### Activity
Search each line below for the word "best" and list those that contain it.

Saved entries
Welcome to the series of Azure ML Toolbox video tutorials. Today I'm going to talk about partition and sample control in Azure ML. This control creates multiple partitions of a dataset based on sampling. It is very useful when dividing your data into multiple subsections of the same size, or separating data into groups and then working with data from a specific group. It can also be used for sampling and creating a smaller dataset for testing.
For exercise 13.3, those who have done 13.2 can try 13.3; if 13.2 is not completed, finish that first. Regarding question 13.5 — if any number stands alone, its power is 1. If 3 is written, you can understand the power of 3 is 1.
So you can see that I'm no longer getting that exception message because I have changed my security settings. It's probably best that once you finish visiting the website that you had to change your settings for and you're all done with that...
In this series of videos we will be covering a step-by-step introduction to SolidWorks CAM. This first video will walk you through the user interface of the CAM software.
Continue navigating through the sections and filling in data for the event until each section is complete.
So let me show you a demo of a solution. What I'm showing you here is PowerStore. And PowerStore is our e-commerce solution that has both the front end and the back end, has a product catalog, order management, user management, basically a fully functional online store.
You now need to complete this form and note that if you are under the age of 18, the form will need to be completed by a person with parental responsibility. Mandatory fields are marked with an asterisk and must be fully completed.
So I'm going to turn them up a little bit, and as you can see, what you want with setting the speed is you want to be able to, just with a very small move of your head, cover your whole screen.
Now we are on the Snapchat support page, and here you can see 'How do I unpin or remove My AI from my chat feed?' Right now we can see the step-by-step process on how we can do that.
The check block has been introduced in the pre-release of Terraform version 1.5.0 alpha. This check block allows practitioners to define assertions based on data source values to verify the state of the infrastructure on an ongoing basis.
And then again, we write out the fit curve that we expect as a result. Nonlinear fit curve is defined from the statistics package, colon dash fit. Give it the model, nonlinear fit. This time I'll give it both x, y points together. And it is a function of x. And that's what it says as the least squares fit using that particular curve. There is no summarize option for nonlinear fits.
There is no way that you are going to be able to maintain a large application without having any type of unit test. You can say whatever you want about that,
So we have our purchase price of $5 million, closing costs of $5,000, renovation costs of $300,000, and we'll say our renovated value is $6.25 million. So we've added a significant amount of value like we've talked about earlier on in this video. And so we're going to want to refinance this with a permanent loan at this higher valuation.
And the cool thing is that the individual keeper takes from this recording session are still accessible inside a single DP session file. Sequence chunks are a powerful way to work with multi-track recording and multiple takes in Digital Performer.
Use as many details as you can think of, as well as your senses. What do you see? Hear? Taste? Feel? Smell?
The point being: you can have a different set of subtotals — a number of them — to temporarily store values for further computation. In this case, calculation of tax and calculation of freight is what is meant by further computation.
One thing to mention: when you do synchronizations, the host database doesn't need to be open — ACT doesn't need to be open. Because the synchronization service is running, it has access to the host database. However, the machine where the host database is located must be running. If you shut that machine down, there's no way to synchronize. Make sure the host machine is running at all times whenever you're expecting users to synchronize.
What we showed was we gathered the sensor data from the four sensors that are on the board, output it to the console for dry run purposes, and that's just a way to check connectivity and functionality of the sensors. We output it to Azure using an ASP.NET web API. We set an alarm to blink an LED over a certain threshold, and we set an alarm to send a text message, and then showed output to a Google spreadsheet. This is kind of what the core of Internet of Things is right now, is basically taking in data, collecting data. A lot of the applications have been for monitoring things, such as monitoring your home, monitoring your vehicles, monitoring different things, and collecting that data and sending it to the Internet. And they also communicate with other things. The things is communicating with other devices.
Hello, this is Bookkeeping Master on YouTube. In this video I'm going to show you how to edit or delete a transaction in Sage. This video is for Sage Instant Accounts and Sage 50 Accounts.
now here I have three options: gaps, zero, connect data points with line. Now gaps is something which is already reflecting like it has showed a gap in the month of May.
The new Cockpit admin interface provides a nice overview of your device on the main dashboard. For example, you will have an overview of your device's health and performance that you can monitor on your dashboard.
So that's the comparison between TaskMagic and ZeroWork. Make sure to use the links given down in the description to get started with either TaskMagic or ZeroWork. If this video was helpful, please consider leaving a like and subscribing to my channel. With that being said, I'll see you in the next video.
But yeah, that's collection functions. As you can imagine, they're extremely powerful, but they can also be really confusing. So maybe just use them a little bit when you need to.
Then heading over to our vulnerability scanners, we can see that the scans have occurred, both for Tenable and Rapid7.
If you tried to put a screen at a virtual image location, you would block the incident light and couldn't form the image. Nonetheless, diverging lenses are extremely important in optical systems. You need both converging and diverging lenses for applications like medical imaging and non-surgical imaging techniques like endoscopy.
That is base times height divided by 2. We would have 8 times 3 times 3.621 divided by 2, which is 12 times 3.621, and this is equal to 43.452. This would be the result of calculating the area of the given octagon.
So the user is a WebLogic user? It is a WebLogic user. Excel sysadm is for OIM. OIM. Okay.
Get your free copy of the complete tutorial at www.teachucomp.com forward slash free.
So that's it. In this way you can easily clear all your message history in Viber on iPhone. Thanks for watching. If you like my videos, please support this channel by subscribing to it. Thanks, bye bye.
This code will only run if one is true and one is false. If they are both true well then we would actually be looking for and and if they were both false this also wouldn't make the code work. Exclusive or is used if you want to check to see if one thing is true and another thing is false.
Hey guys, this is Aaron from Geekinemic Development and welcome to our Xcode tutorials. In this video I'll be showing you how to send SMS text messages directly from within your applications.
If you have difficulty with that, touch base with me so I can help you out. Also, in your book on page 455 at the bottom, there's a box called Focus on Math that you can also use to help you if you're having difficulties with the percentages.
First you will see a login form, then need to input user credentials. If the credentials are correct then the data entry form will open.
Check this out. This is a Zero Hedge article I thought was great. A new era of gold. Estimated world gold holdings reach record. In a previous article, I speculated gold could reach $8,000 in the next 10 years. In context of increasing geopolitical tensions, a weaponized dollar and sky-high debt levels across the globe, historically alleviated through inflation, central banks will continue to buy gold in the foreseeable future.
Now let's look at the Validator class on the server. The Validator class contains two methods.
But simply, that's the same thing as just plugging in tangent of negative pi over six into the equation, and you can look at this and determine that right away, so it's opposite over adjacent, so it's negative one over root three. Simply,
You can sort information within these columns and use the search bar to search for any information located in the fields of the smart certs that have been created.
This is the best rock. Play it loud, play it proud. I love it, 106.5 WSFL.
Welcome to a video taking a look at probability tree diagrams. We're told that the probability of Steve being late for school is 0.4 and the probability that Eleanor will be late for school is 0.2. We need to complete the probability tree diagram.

### Task solution
So you can see that I'm no longer getting that exception message because I have changed my security settings. It's probably best that once you finish visiting the website that you had to change your settings for and you're all done with that...
This is the best rock. Play it loud, play it proud. I love it, 106.5 WSFL.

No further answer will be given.